Profit oder Freiheit?

Wir muten den Menschen freiheitseinschränkende Maßnahmen zu. Maske, Impfung, Versammlungsverbot, 3G, 2G, 2G+ und Verlust des Einkommens. Kultur und soziale Nähe werden stark eingeschränkt. Das alles zum Schutz des Gesundheitssystems, das in Pandemiezeiten der erste Angriffspunkt politischer Instabilität zu werden droht. Dabei wird der Stimmung der einzelnen Betroffenen wenig Gewicht beigemessen und stattdessen aus der großen Gruppe der Skeptiker werden die Spinner, Extremisten und Sturköpfe stellvertretend ausgewählt. Es sei Unvernunft, sich nicht impfen zu lassen. Womöglich. Dass sich Geister an dieser Frage scheiden vernebelt den Blick auf andere wichtige Belange, die ursprünglich für die Covid-Problematik sind.

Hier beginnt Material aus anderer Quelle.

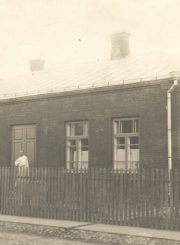 1. Juozas Zikaras prie savo namo Panevėžyje, 1925 m. Nuotrauka iš Lietuvos literatūros ir meno archyvo fondų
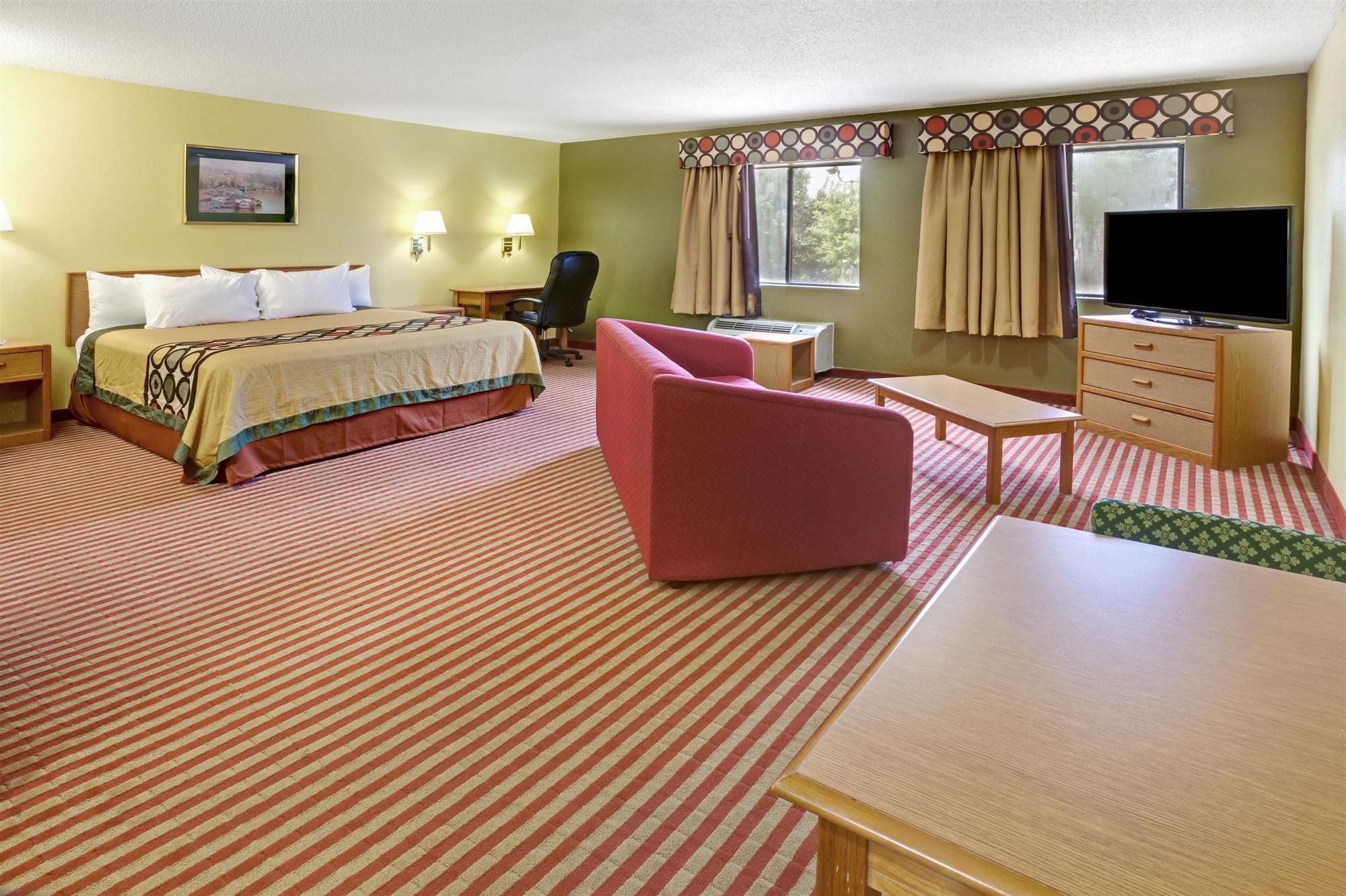 Super 8 Pasadena Tx in Pasadena, TX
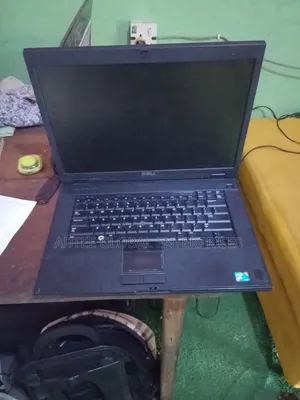 Laptop Dell Latitude E5500 4GB Intel Core 2 Duo HDD 250GB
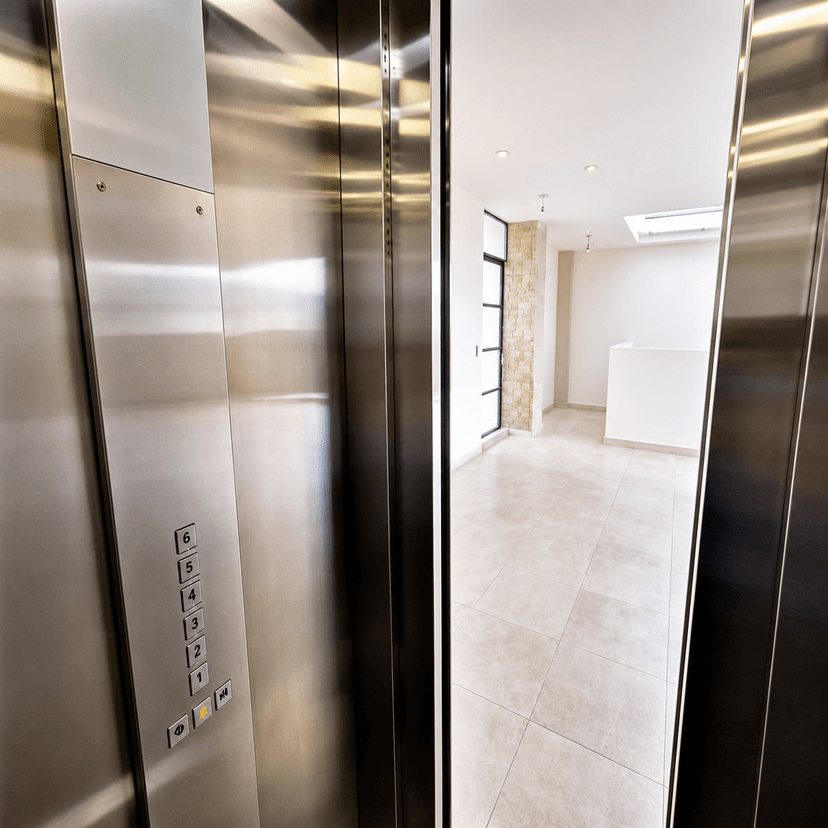 Edificio en Venta en Oaxaca – Excelente opción para oficinas, 5 pisos ! — foto 10 de 12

Die Frage nach der Impfwilligkeit ist zwar nicht unwichtig, aber zu früh gestellt. Fraglich ist zunächst, ob eine Impfung in 2021 noch 2022 effektiv sein wird. Ob auch die knapp 70% der geimpften Deutschen noch geschützt sein werden, wenn die Omikron-Mutante und ihre Nachfolger auf den Plan treten. Wird es nun alle halbe Jahre neue Impfstoffe geben? Wird es für Impfgegner ein neues Argument geben, sich nicht impfen zu lassen, das heißt: „Es wirkt ohnehin nicht“?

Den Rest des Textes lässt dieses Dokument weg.